I've tried to send the packages to the local broadcast address - in my case 192.168.1.255 - and what do you know... the other PC get's the WoL package and everything works as it should

I've made my changes to the port forwarding settings in the router so any connection that comes to my publicIP:9 should be forwarded to the local broadcast address.

Now the sad thing: in my routers log the package that I send to port 9 doesn't even appear as dropped or accepted

My question is: WHY?

Could you/someone explain to my why the hack not?

Thank everyone...

    X

----------

## Judge584

 *Quote:*   

> Hello Judge,
> 
>    I've done some testing in an came up with some questions to you! 
> 
> You've sad that you've configured your router to route your WoL packages to the PC you want to wake up, in your case 192.168.1.2. Right?

 

Yes, you're right.

 *Quote:*   

> If no computer is up behind the router => ARP isn't working, how can the router know where to send the package? because I'm pretty shure that it wont broadcast the message if it can't find the IP address.

 

I must do some search on this, i don't now really...but the fact is that my port forwarding rule is set to forward my wan port 7 to the local ip 192.168.1.2:7, and that WOL is working!

 *Quote:*   

> Now the sad thing: in my routers log the package that I send to port 9 doesn't even appear as dropped or accepted
> 
> [/list]
> 
> My question is: WHY?
> ...

 

It's so strange, I think my router doesn't really work like yours, because my port forwarding rule work for me on 192.168.1.2:7, and from what you have said, i am pretty sure that it will work even if i change my rule to 192.168.1.255:7! (at least it make sense, and i will test it)

For information, mine is a Zyxel 660HW.

So I guess if we want to help others that it is better to tell to set the forward rule to xx.xx.xx.255 than the real ip, because it will be probably be more compatible with different type of routers.

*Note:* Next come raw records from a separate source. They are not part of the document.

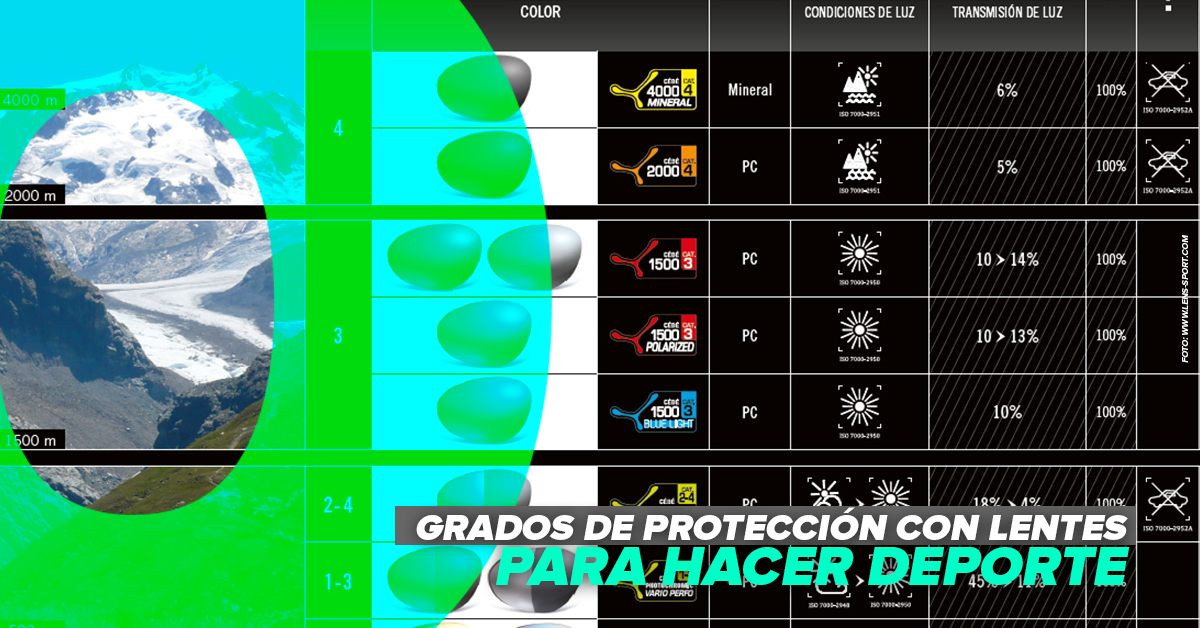 GRADOS DE PROTECCIÓN CON LENTES PARA HACER DEPORTE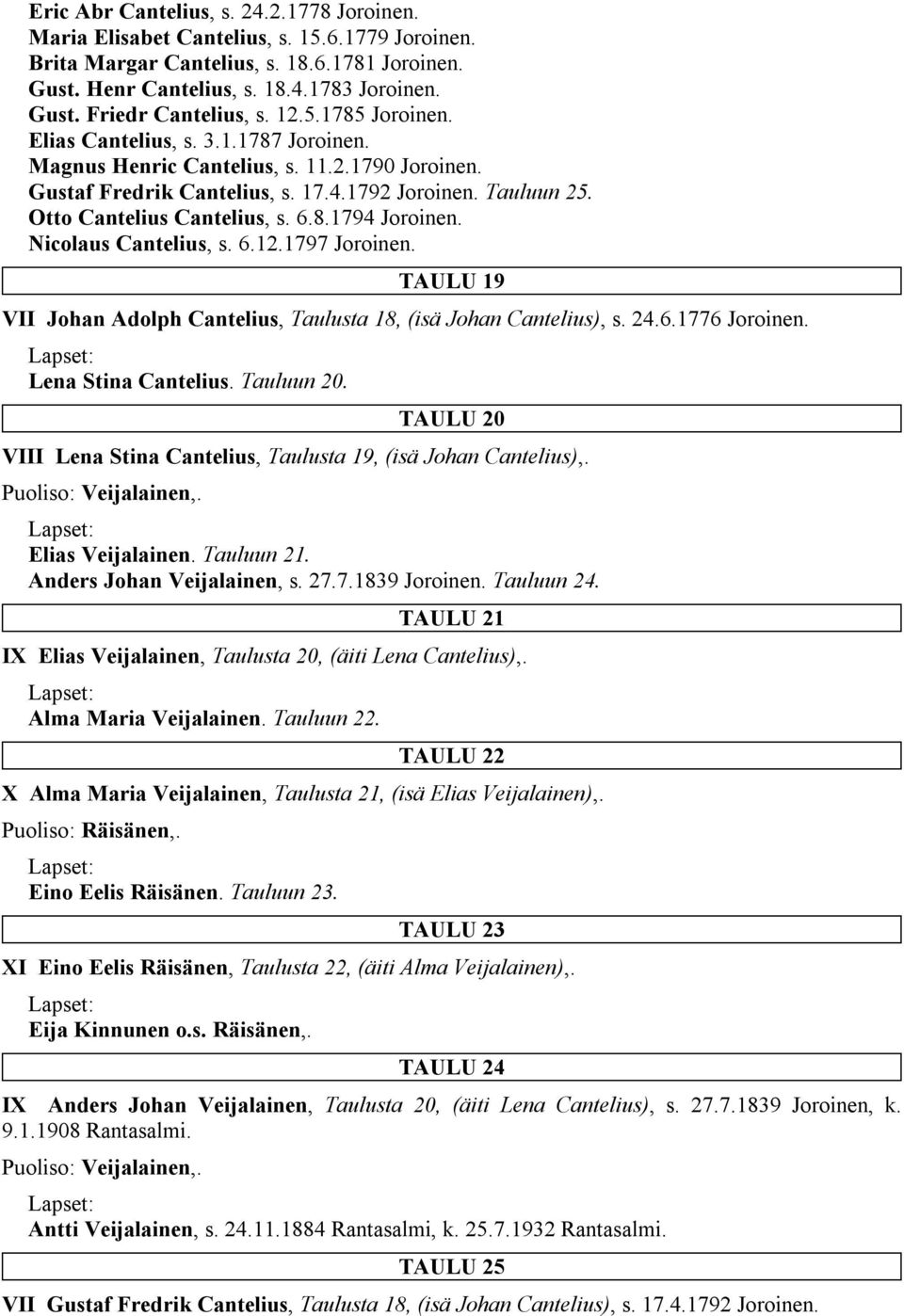 8.1794 Joroinen. Nicolaus Cantelius, s. 6.12.1797 Joroinen. TAULU 19 VII Johan Adolph Cantelius, Taulusta 18, (isä Johan Cantelius), s. 24.6.1776 Joroinen. Lena Stina Cantelius. Tauluun 20.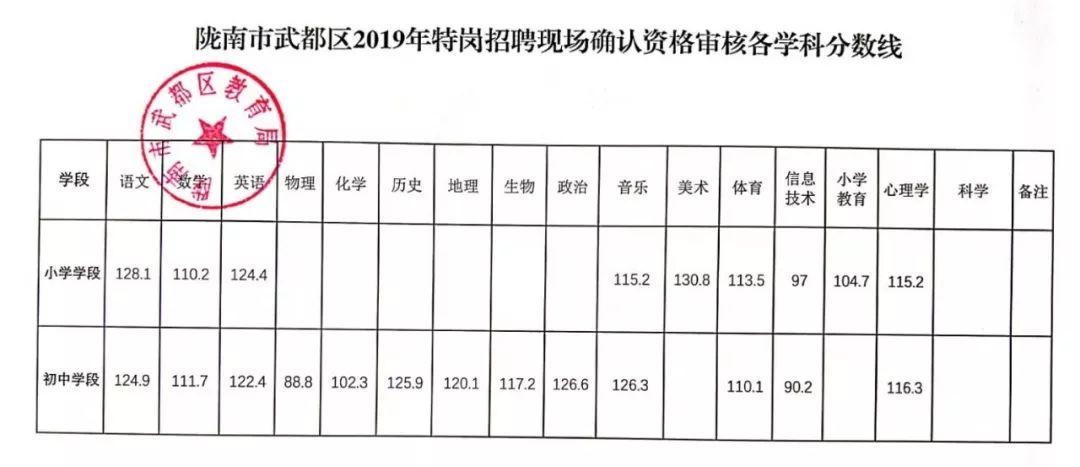 武都区发展和改革局最新招聘信息全面解析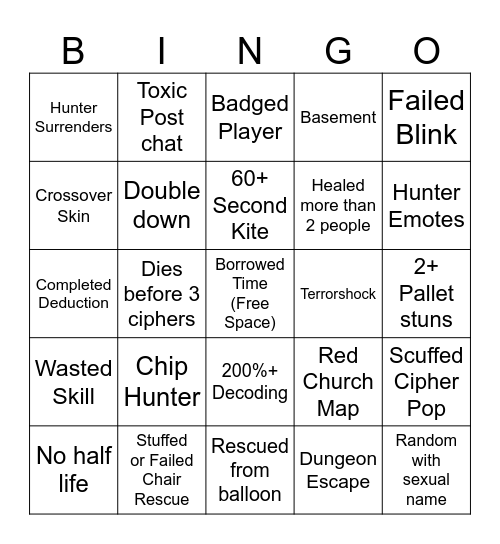 Identity V Bingo (Survivor) Bingo Card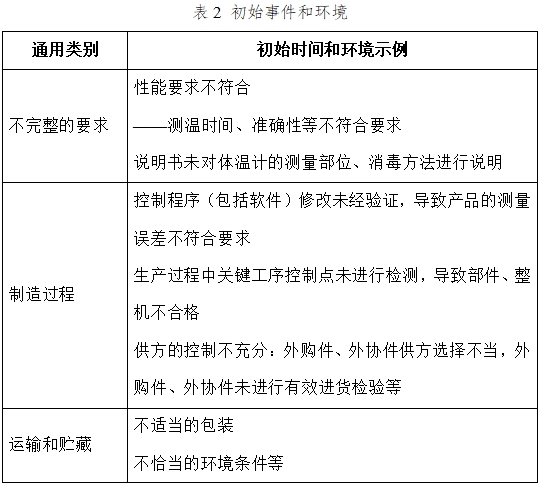 醫用電子體溫計注冊技術審查指導原則（2017年修訂版）（2017年第41號）(圖5)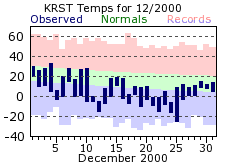 RST Dec Temp 2000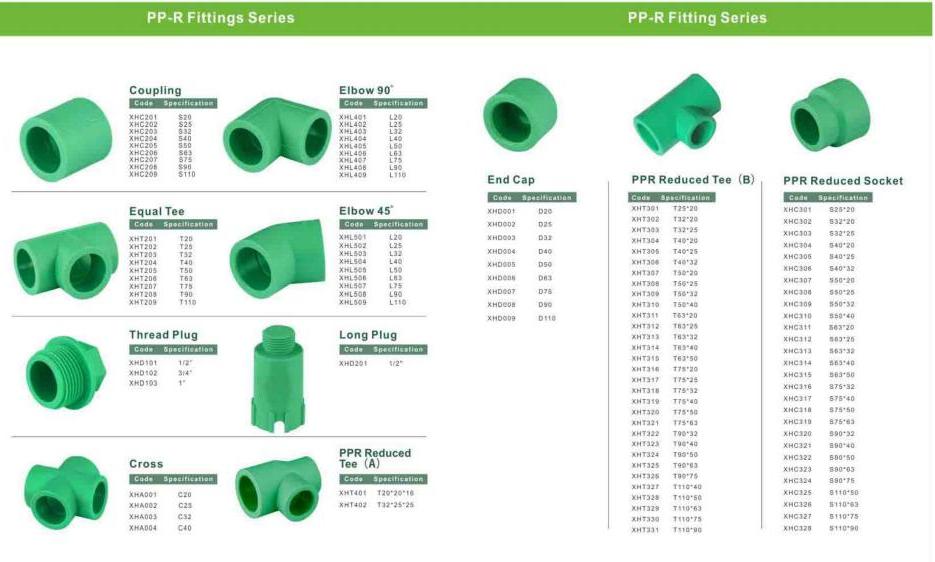 PPR all plastic pipe fittings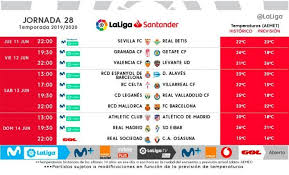 Eurosport es su fuente principal de noticias de fútbol. Liga Espanola La Liga Ya Tiene Horarios Para Su Reanudacion El Barcelona Visita Al Mallorca Marca Claro Mexico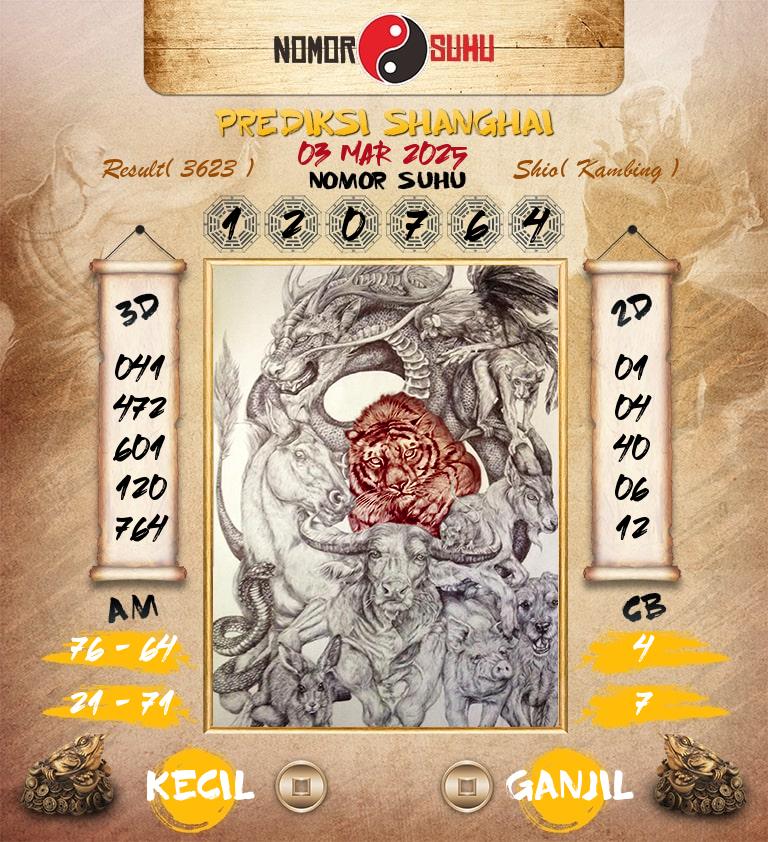 Syair-Prediksi-Suhu-Togel-Shanghai-3-Maret-2025-Hari-Senin
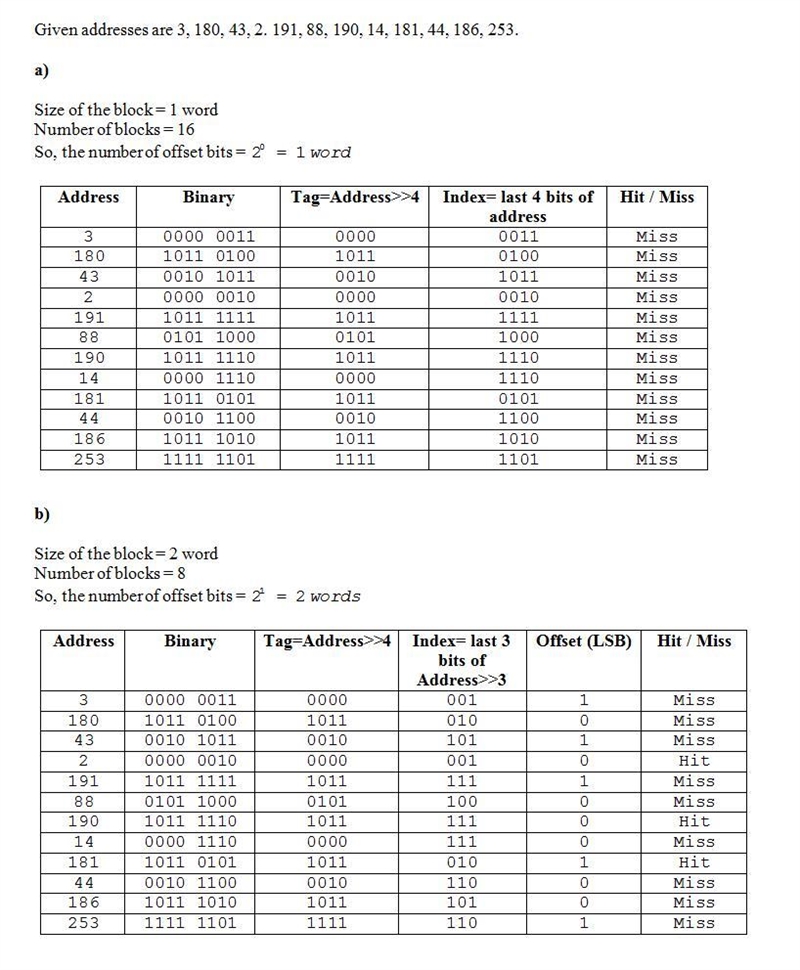 Below is a sequence of 32-bit memory address references observed during the execution-example-1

If someone know why we have such difference on different routers, please help!

----------

## abalint21

 *Quote:*   

> 
> 
> So I guess if we want to help others that it is better to tell to set the forward rule to xx.xx.xx.255 than the real ip, because it will be probably be more compatible with different type of routers.
> 
> If someone know why we have such difference on different routers, please help!

 

I've convinced my friend to try to set up the port forwarding rule in his router but, that router doesn't even let him add the local network broadcast address (192.168.1.255), because for the router point of view it's a security hazzard.

Well, I'm still looking for and answer...

If I've found some normal explanation, I'll let you know  :Smile: 

And thanks again for the active support...

X

----------

## Judge584

In my Zyxel router, when i set NAT rule, all i have to do is to set the start port (7), the end port (7), and the server ip adress (192.168.1.2)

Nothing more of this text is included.